- What is expected -
Throughout the entries below, report every line where "with" is found.

- Input records -
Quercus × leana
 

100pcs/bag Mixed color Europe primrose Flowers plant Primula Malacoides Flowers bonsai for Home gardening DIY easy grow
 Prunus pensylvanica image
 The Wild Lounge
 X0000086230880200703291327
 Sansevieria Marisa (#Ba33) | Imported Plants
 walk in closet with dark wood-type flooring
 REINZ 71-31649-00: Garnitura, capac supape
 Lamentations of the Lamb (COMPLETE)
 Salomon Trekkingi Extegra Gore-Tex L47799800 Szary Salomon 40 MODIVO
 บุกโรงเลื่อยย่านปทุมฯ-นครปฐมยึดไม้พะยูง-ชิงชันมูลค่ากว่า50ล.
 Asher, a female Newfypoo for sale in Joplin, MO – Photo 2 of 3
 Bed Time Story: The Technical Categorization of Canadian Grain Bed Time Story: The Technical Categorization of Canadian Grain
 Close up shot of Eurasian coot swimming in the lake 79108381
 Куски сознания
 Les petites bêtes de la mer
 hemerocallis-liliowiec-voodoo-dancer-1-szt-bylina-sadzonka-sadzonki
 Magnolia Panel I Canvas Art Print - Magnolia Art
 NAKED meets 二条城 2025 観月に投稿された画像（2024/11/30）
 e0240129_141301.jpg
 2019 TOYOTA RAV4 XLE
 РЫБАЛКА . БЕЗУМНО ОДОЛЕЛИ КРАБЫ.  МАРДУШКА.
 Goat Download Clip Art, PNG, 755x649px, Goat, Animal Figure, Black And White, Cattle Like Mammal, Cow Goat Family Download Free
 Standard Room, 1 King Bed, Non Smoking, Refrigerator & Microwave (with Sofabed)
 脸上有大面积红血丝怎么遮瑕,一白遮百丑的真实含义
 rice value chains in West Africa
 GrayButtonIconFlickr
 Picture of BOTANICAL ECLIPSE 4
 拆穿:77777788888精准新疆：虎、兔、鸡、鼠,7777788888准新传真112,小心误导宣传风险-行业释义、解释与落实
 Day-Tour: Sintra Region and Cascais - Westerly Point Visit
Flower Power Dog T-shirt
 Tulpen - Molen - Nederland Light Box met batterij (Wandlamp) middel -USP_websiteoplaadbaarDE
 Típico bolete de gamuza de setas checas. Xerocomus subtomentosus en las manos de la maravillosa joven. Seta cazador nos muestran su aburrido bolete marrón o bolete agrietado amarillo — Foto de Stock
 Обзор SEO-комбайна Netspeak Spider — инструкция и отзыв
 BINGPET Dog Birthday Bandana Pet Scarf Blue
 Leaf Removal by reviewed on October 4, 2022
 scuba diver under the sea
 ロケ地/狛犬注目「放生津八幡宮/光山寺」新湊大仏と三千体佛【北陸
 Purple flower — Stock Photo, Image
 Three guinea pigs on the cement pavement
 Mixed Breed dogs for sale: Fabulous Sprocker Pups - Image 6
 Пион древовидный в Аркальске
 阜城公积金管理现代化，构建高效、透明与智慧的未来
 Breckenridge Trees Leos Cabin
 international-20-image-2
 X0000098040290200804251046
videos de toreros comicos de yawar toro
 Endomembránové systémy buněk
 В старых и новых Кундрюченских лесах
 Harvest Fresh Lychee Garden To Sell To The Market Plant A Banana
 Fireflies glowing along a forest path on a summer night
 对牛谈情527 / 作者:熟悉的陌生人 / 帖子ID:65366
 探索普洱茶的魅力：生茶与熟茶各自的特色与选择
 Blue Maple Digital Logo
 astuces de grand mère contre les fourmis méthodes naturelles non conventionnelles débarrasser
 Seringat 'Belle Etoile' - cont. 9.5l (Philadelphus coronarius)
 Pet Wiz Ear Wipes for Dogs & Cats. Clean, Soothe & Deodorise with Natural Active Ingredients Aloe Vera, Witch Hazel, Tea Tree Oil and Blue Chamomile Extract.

- Solution below -
 walk in closet with dark wood-type flooring
 Standard Room, 1 King Bed, Non Smoking, Refrigerator & Microwave (with Sofabed)
 Pet Wiz Ear Wipes for Dogs & Cats. Clean, Soothe & Deodorise with Natural Active Ingredients Aloe Vera, Witch Hazel, Tea Tree Oil and Blue Chamomile Extract.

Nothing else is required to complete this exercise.